Life after kill -9
I don't get this. I've had this on servers, on desktops, now I have it on my Mac: a process froze, didn't do a thing and just ignored the hell out of me. So what do you do? Kill it!
In Mac OSX, there's a little interface which allows you to choose an application and force it to quit. Works every time. So far. But how do you solve the frozen-process problem with a fullscreen application that won't let you switch to another application, like Front Row?

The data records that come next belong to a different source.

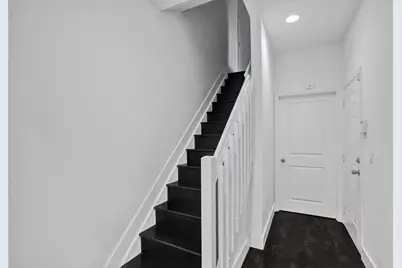 12662 NW 32nd Place, Sunrise, FL 33323 - Photo 29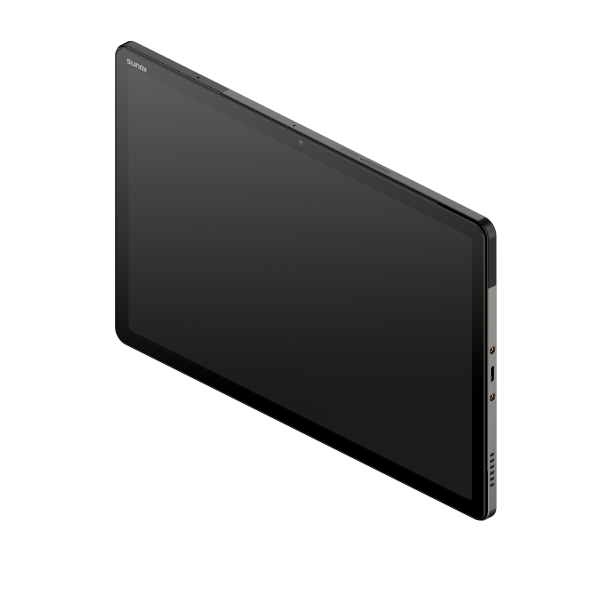 Tablet SUNMI CPad ( P10020099 )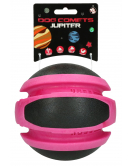 DOG COMETS PLANETS ROZE DOG COMETS PLANETS ROZE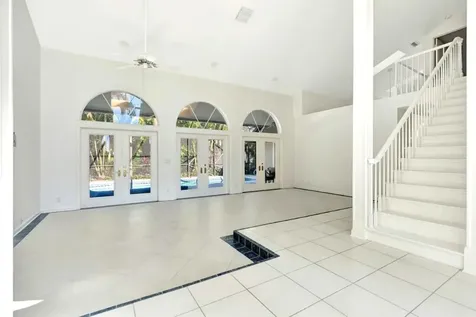 115 Olympus Way Jupiter FL 33477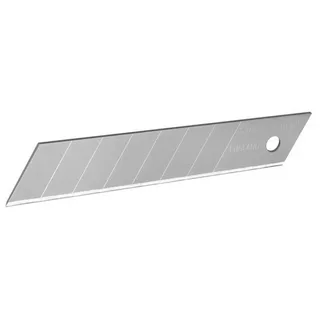 Lame De Cutter 11301b 18 Mm 10 Unités van Stanley – productafbeelding 3 van 6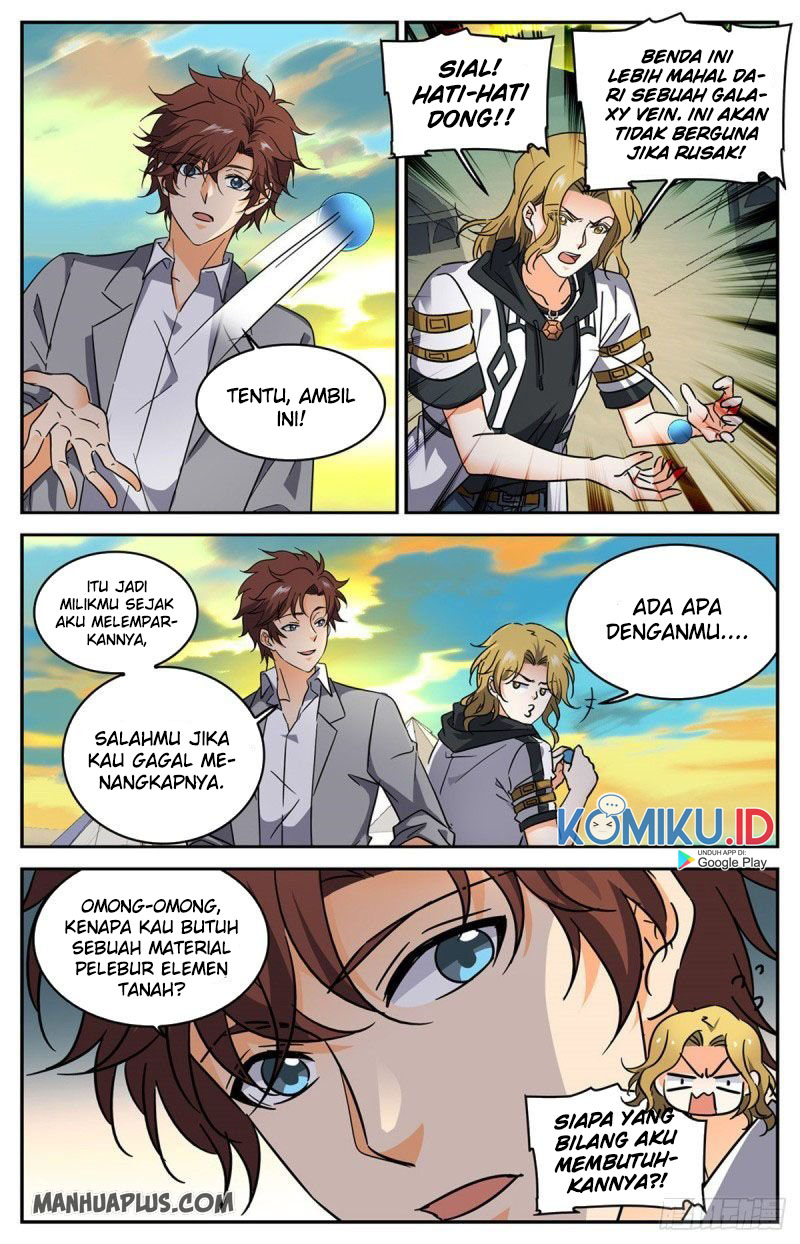Halaman 12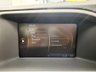 USED 2011 60 VOLVO S60 2.4 D5 SE Lux Saloon 4dr Diesel Geartronic Euro 5 (205 ps) ****LOW MILEAGE****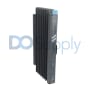 Johnson Controls Metasys NU NU-DCM140-700 - Image 1 of 5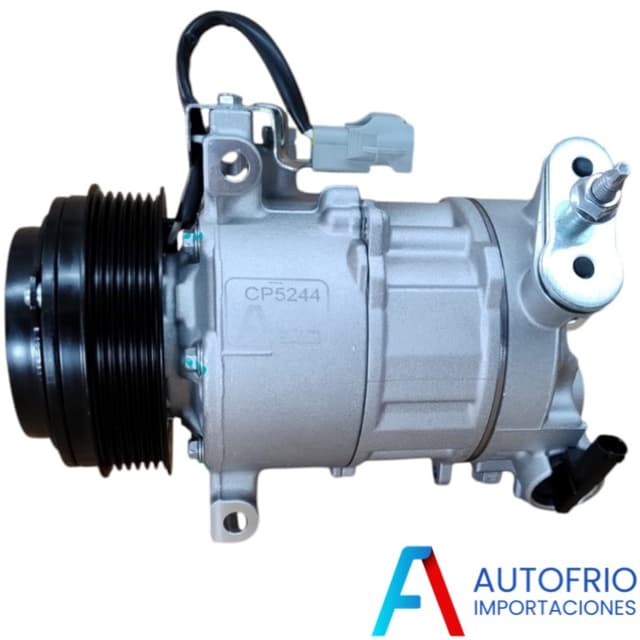 CP5244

Tonight, my Mac froze on Front Row. I was comfortably sitting in bed, ready to watch an episode of a tv show on DVD, when Front Row just froze up. Silent. Nothing. No response. So I got out of bed, walked to my Linux PC and logged into my Mac using SSH. And I looked up the logs. And there it was:
Mar 31 22:41:46 Yoda2 diskarbitrationd[43]: Front Row [4394]:40707 not responding.

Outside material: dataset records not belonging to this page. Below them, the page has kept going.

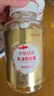 安普生邦利深海魚(yú)油大豆卵磷脂軟膠囊600粒輔助降血脂配魚(yú)肝油成人中老年 曬單實(shí)拍圖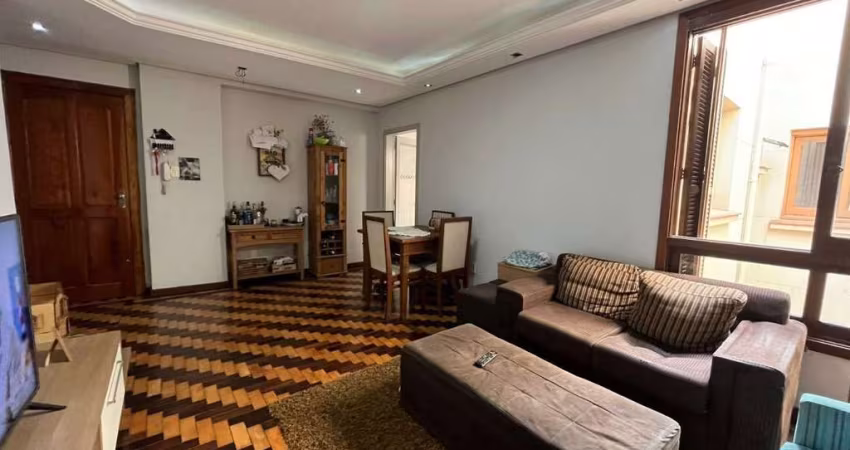 APARTAMENTO Centro Novo Hamburgo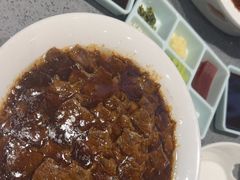 -紫光园(燕郊总店)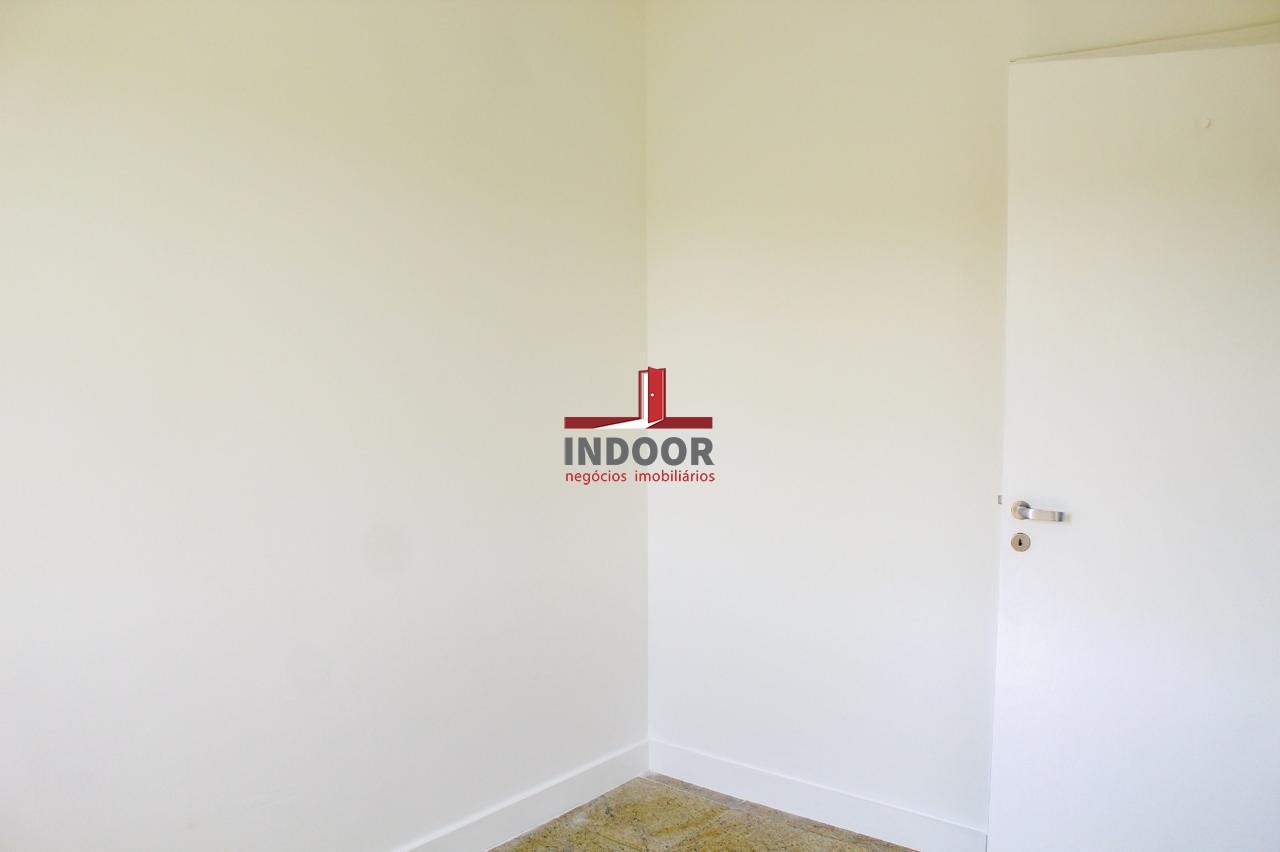 Apartamento, 3 quartos, 100 m² - Foto 11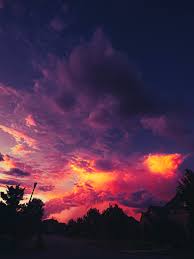 We did not find results for: Soleil Similar Hashtags Picsart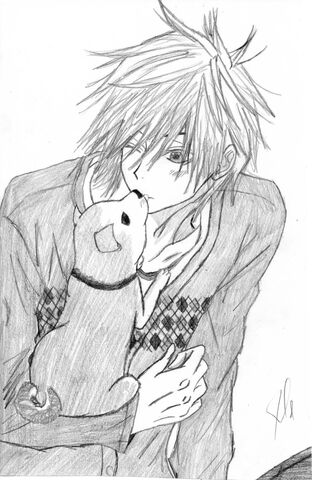 File:Kurosaki moonlitrose5 deviantart.jpg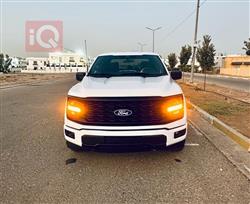 فورد إف-150
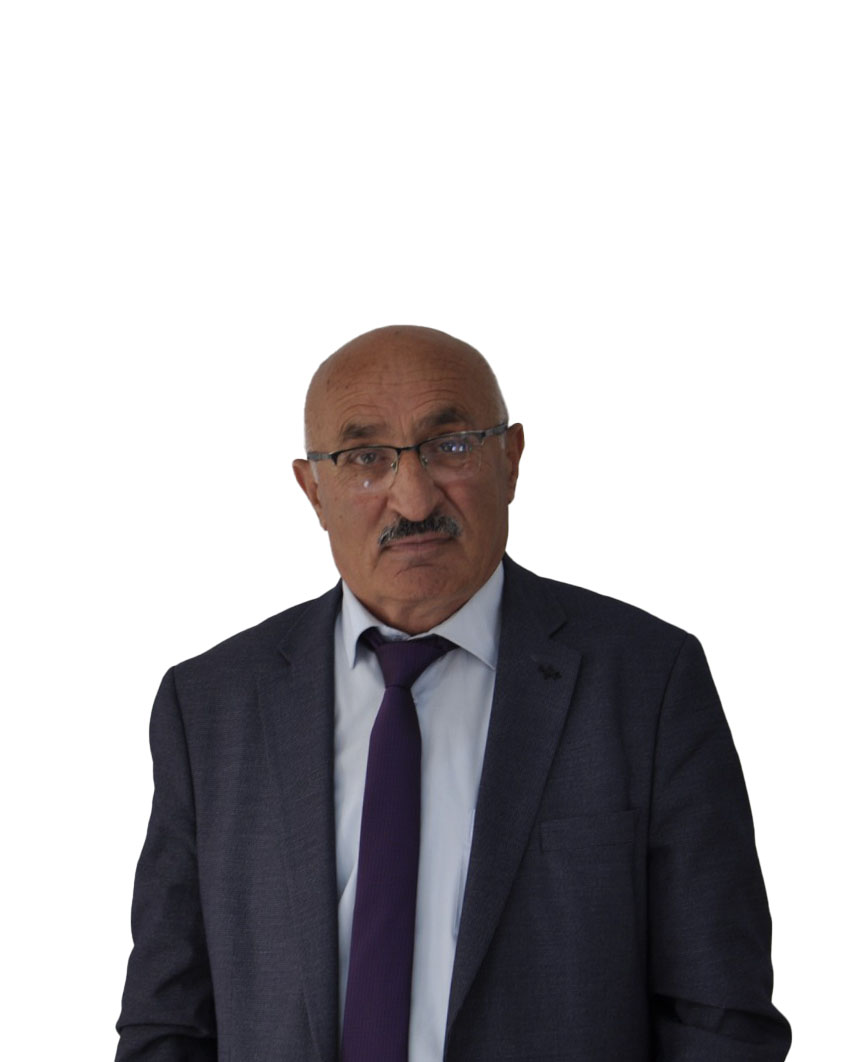Ahmet Karaman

Non-responsive. That's fine, I thought, I'll just kill it, get back into bed and start over. But Front Row didn't let itself be killed:
breuls@Yoda2: ~ $ ps aux | grep Front
breuls 4435 0.3 0.0 590472 84 s005 R+ 10:43PM 0:00.00 grep Front
breuls 4394 0.2 3.8 430184 78816 ?? U 10:39PM 0:11.11 /System/Library/CoreServices/Front Row.app/Contents/MacOS/Front Row
breuls@Yoda2: ~ $ kill 4394
breuls@Yoda2: ~ $ ps aux | grep Front
breuls 4394 0.0 0.0 0 0 ?? E 10:39PM 0:00.00 (Front Row)
breuls 4440 0.0 0.0 590472 204 s005 R+ 10:44PM 0:00.00 grep Front
That's right. Didn't listen to the kill command. Now, I know about the several options to kill. I tried several, including the -9 switch. Didn't work. Front Row ignored me, all the way through my giving up and pressing the reset button.
I hate that. That's not supposed to happen. Kill -9 is supposed to be the last way out of trouble. It-should-work. But it didn't. Why am I not in control of my own laptop? Why is there an afterlife to kill -9?